Sean Penn in Talks For Mob Movie Scarpa

Antoine Fuqua‘s Brooklyn’s Finest has become the first sale to make news during Sundance (yeah, let’s forget the deals that happened before the festival had even kicked off – where’s the marketable hype value in those?). Senator have reportedly paid $5 million for the film, so you’d imagine they’re very happy with it. Or, on the other hand, maybe not…

“It strikes me that the ending will be different” said their president Mark Urman. He does add that Antoine Fuqua “must be happy” with the new ending, but what if Fuqua is happy with the one he’s got? I suppose the suggestion is that the director is feeling flexible – he did sign the deal after all. Or maybe Senator’s commitment to an 8-figure fund for prints and advertising balanced the issue. Or perhaps – just perhaps – Fuqua doesn’t like the ending he’s given his own film and wants to “fix” it.

While promoting the film, Fuqua talked about his plans for future projects, including the movie he’s negotiating with Sean Penn for.

That film has the working title Scarpa, for the mobster Gregory Scarpa Sr.

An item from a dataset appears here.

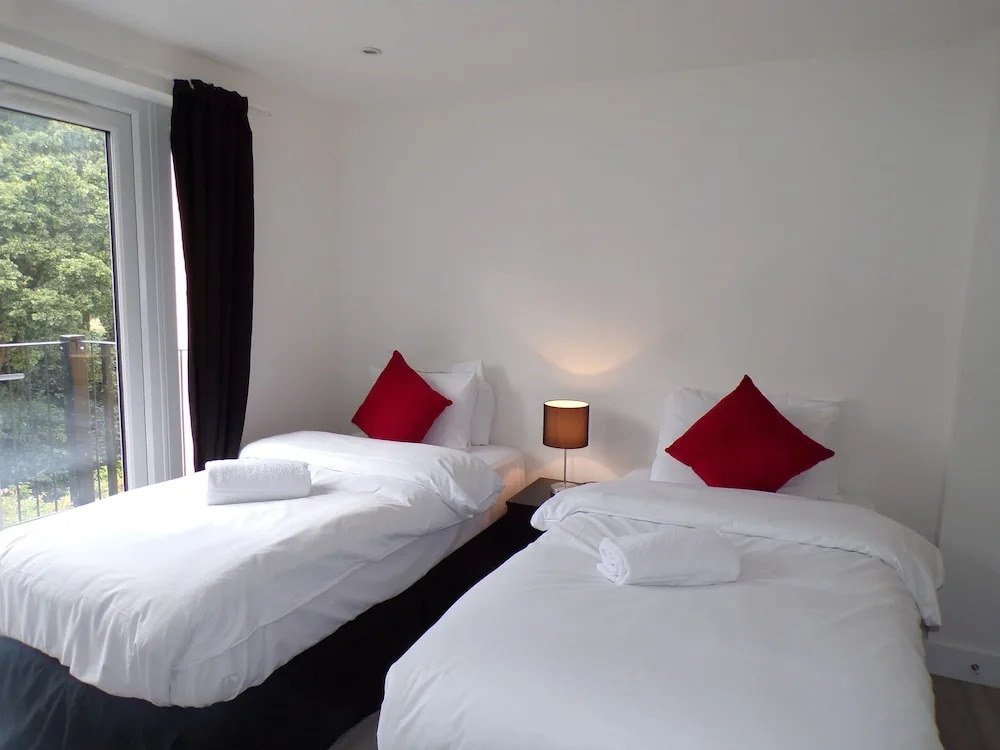 Lakeview Apartments and Rooms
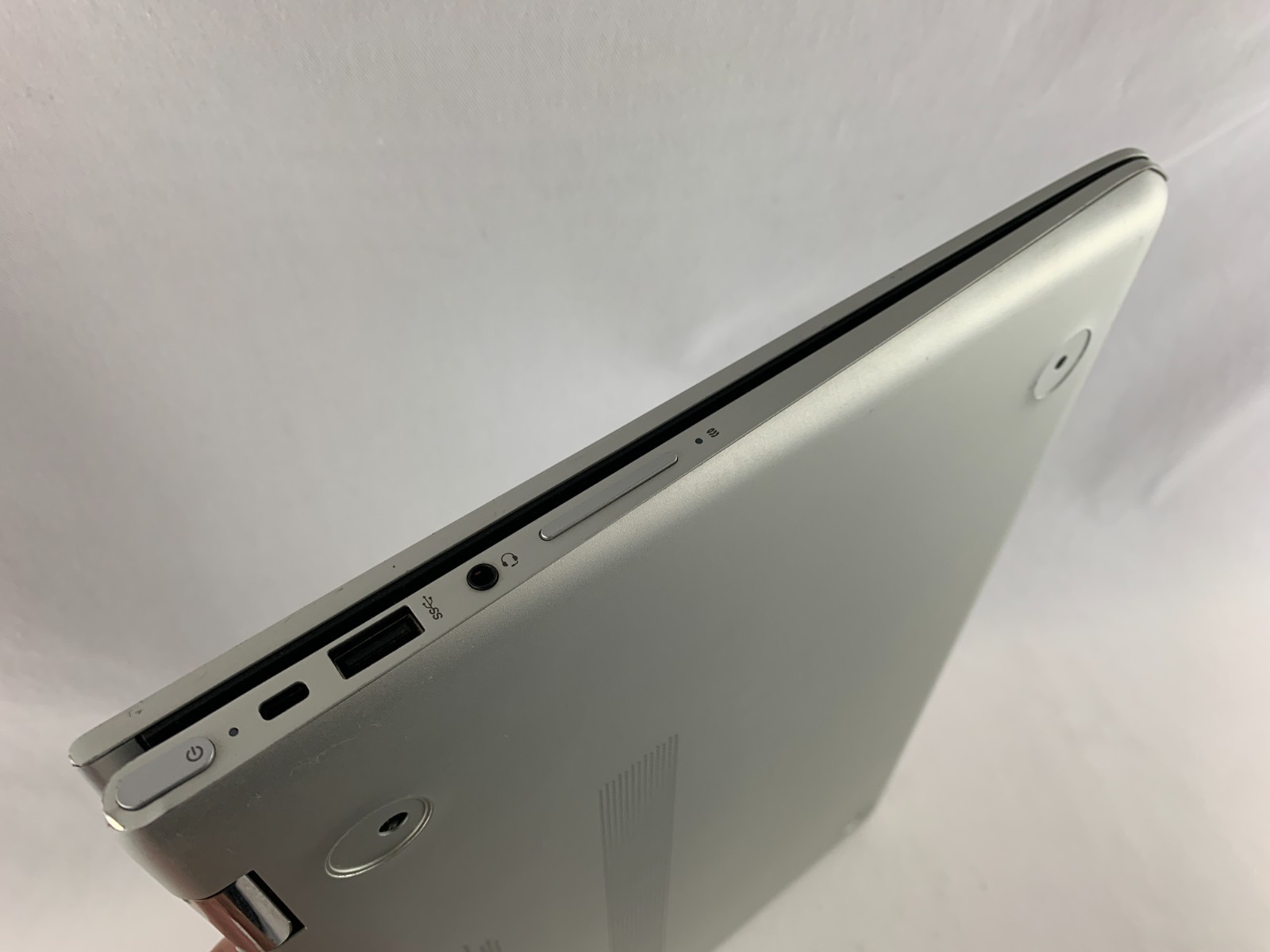 HP Envy x360 m6-aq105dx Intel Core i7-7500U For Parts/ Repairs, Cracked Screen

“[I]t’s New York again, Brooklyn, FBI, Italian gangsters, it takes place from the ’60s to the ’90s, and we’re talking to Sean Penn.”

I’m encouraged by movie concepts that include period settings, gangsters and Sean Penn, largely because just thinking about Carlito’s Way still gives me a warm glow.  That’s even though I haven’t seen it in the best part of a decade – perhaps I’ll force it onto the syllabus for my students later in the term.

You can see Gregory Scarpa Jr. pictured at the head of the post. Nicknamed The Grim Reaper, he was at once a killer for the Columbos, who are one of the five families to run New York’s organised crime, as well as being an informant for the FBI. Potential spoiler: having survived an attempt on his life in ’91, Scarpa died in Prison in ’94. He had contracted AIDS from an emergency blood tranfusion.

According to some, Scarpa undertook an assignment for the FBI in which he forced a Klansman to reveal the unmarked graves of three civil rights campaigners. A different version of the same events is claimed by and was dramatised in Mississippi Burning, though neither of these versions of events seems to be considered particularly airtight.